The task:
Reproduce, exactly and in full, the lines from the one with "Galaxy Upholstered Tufted" through the one with "Badgley Mischka Cascade" in the data below; drop pictures.

Data extract:
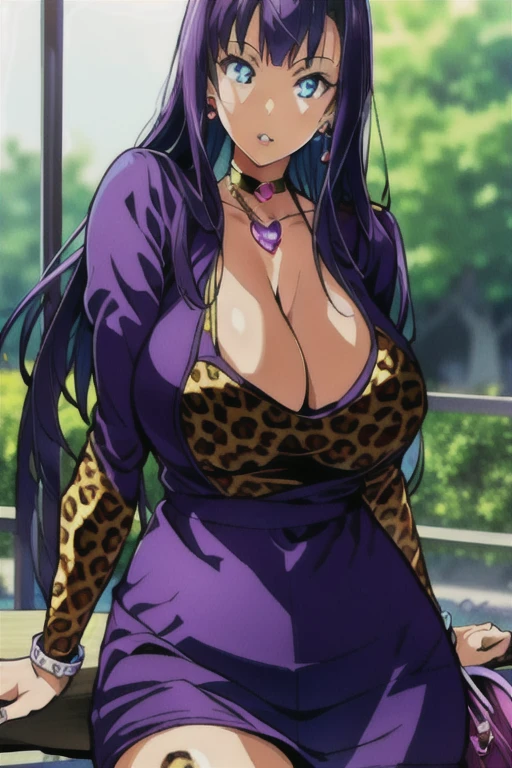 perfect eyes:1.2, detailed eyes:1.4, skindentation,leopard printed long sleeve one piece with v neck cleavage ,Skirt type one piece,Blue eyes, Purple hair, ((blunt bangs)), twin tail,Bare neck, 20yo, Young female, Beautiful Finger, Beautiful long legs, Beautiful body, Beautiful Nose, Beautiful character design, perfect balance, 1girl, solo, (masterpiece:1.6, best quality), 8k, insane details, intricate details, hyperdetailed, hyper quality, high detail, ultra detailed, professional, HDR, ray tracing reflection, cinematic lighting,Cleavage,Busty,Big breast,ear piercing,multistrand Love shaped necklace,Half eyes open,Eyeshadow,Thick lips,Bracelet,Long nail,Ring,black color Chocker,Gyaru,flashy heart shaped earring,outside,((carrying chain Leopard print purse bag)),1hand on hips,Face fully viewed,view from afar,Sitting in bench waiting with crossing leg,Monocolor outfit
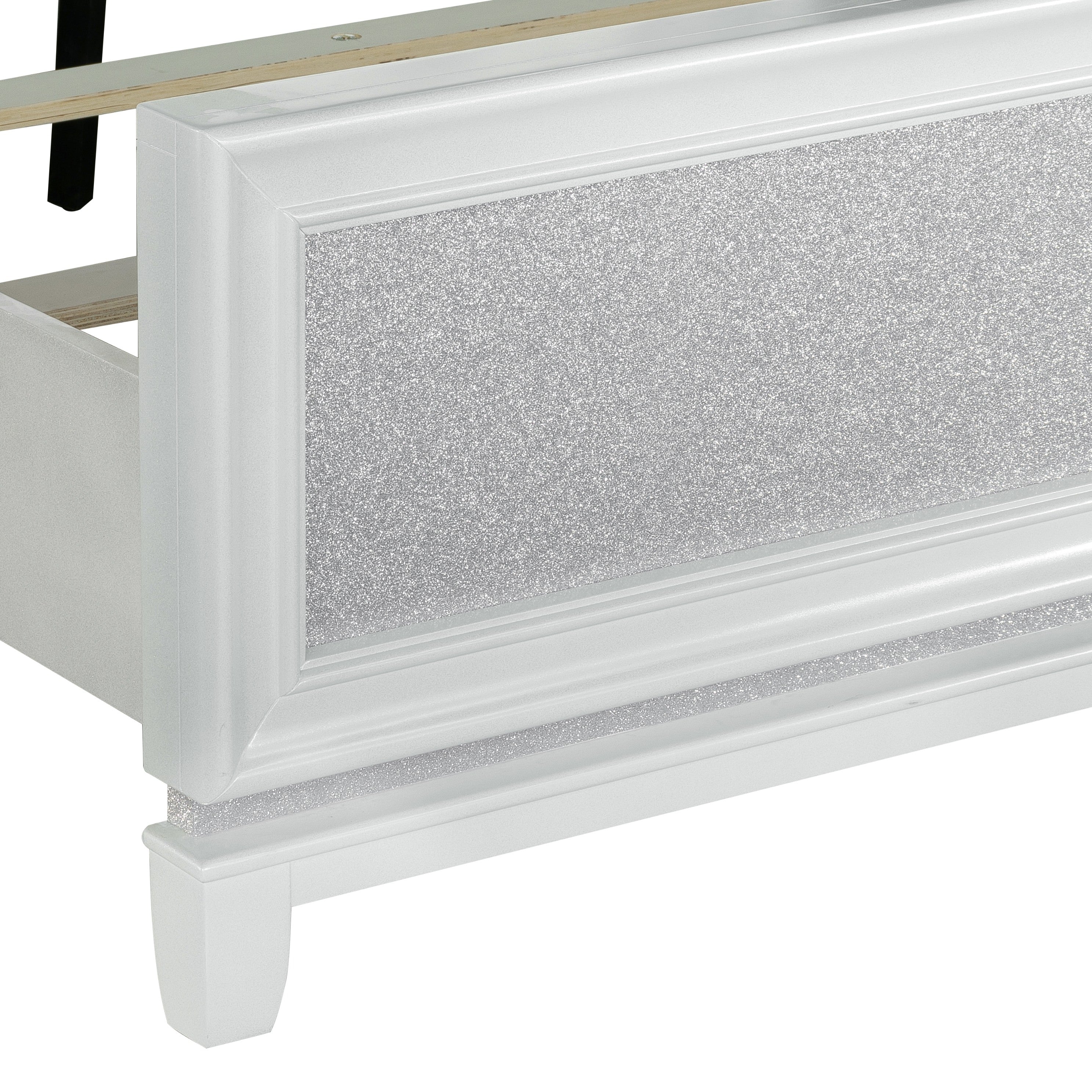 Galaxy Upholstered Tufted Panel Bed with LED Lights - Queen Size Pearl White Luxury Bed Frame for Modern Bedroom, Perfect for Master Suite & Guest Room Decor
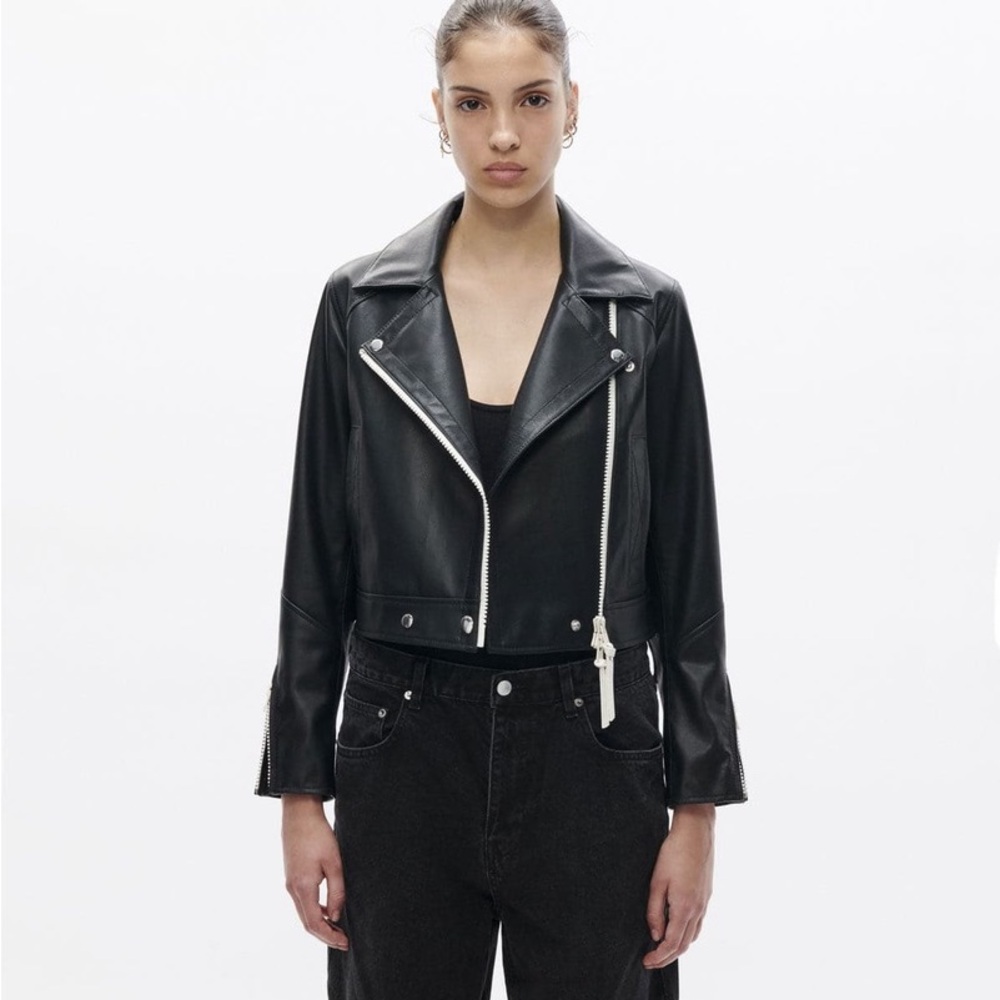 Shoreditch Ski Club Vyner Leather Biker Jacket
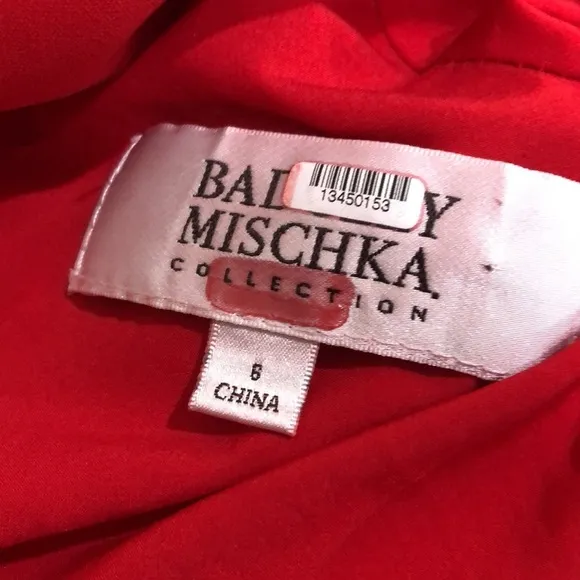Badgley Mischka Cascade Gown Size 6 Red Formal Maxi Dress
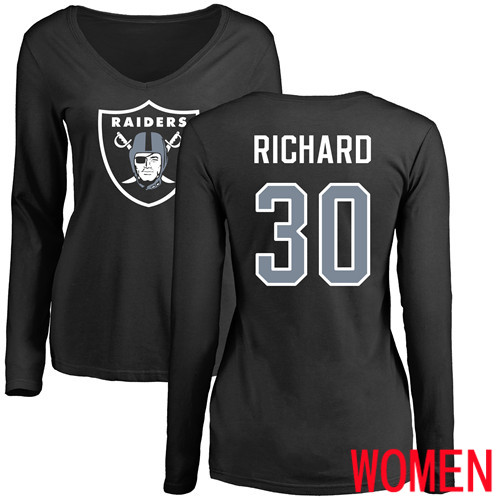 Oakland Raiders Olive Women Jalen Richard Name and Number Logo NFL Football #30 Long Sleeve T Shirt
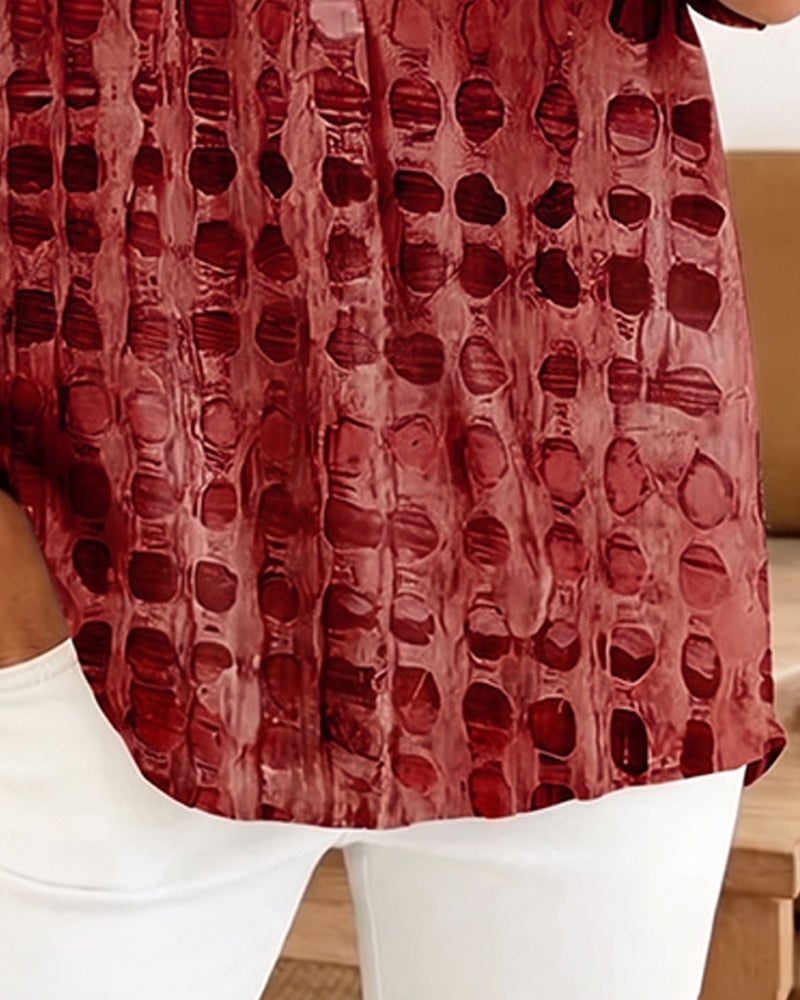 Polka Dot Print Button Half-Placket Blouse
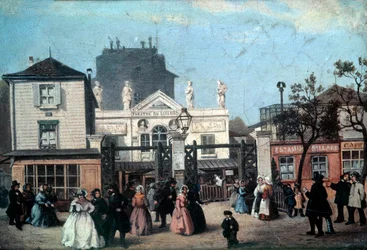 Vue du théâtre du Luxembourg appelé Bobino, rue de Fleurus à Paris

Exercise answer:
 Galaxy Upholstered Tufted Panel Bed with LED Lights - Queen Size Pearl White Luxury Bed Frame for Modern Bedroom, Perfect for Master Suite & Guest Room Decor
 Shoreditch Ski Club Vyner Leather Biker Jacket
Badgley Mischka Cascade Gown Size 6 Red Formal Maxi Dress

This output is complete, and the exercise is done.